En 1872, on construisit une glacière. Le monument Von Burgsdorff fut en même temps déplacé sur l'emplacement de la source l'Enragée. En 1975, l'Office du Tourisme, lança la restauration du monument. Le café-restaurant fut aussi rénové. L’architecte décida d’ériger à leur emplacement d’autrefois la niche et le pavillon, tout en les replaçant dans un cadre de verdure.
La Géronstère a donc retrouvé l’apparence qu'elle avait il y a un peu plus de deux siècles.
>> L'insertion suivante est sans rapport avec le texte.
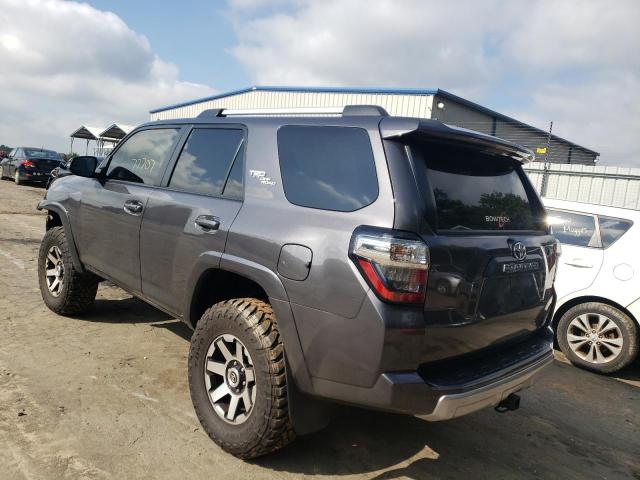 Photo 3 from auction – 2017 TOYOTA 4RUNNER SR with VIN JTEBU5JR1H5470488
C’est une des plus belles sources de Spa. Chaque année, en mai, on célèbre non loin la bénédiction de la forêt.
La source de Barisart : Il s'agit d'un pouhon (source ferrugineuse et carbo-gazeuse typique de la haute-Ardenne). Autrefois, Barisart était l’ultime étape du " Tour des Fontaines ". Par beau temps, les les passagers descendaient des calèches à la source la Géronstère et continuaient à pied jusqu'à Barisart, en longeant un ruisseau. Un abreuvoir était prévu pour désaltérer les chevaux.
Ensuite, pendant très longtemps, celle-ci ne fut que peu fréquentée, et même complètement abandonnée au 19ème siècle. Le chemin qui y menait était négligé, ainsi que les deux bassins circulaires qui l’entouraient. Sise dans une vallée verdoyante, elle attira quand même un certain docteur anglais, Thomas Cutler. Dans un livre, le médecin raconta comment ses régulières visites à cette source le guérir de ses maux. De suite, les gens affluèrent pour goûter à cette source peu connue, au point que la ville de Spa dû aménager les lieux, afin que l’eau de la source reste pure. Un joli pavillon avec un salon et une maison pour le gardien furent construits. Promenades, pelouses, pièces d'eau,… la barissart fut agrémenté de tout. Le pavillon servait même de café-restaurant. Il fut remplacé en 1972.
La fontaine du Tonnelet : D'abord appelée Frayneuse dès 1559, le Tonnelet fut utilisée au début du 17ème. Un bâtiment orné de deux colonnes protégeait la source. Connue surtout pour ses vertus vermifuge, elle vu au fil des années sa popularité baisser. En 1815, les bains du Tonnelet étaient encore assez fréquentés mais leur éloignement leur nuisait et dès qu'on eut créé un établissement des bains à Spa, ils furent négligés. L'édifice qui l'abritait se délabra. Aucun bâtiment pour se mettre à l’abri ne la complétait, et la terre molle tout autour rendait son approche dangereuse. Aujourd’hui, un bâtiment datant de 1894 entoure la source. On y trouve un restaurant et plusieurs rotondes vitrées.
La source tient son nom actuel des jets d’eau qui bouillonnent au fond de son bassin : en forme de tonneau, les jets sont gros et puissants. L’eau y est très froide.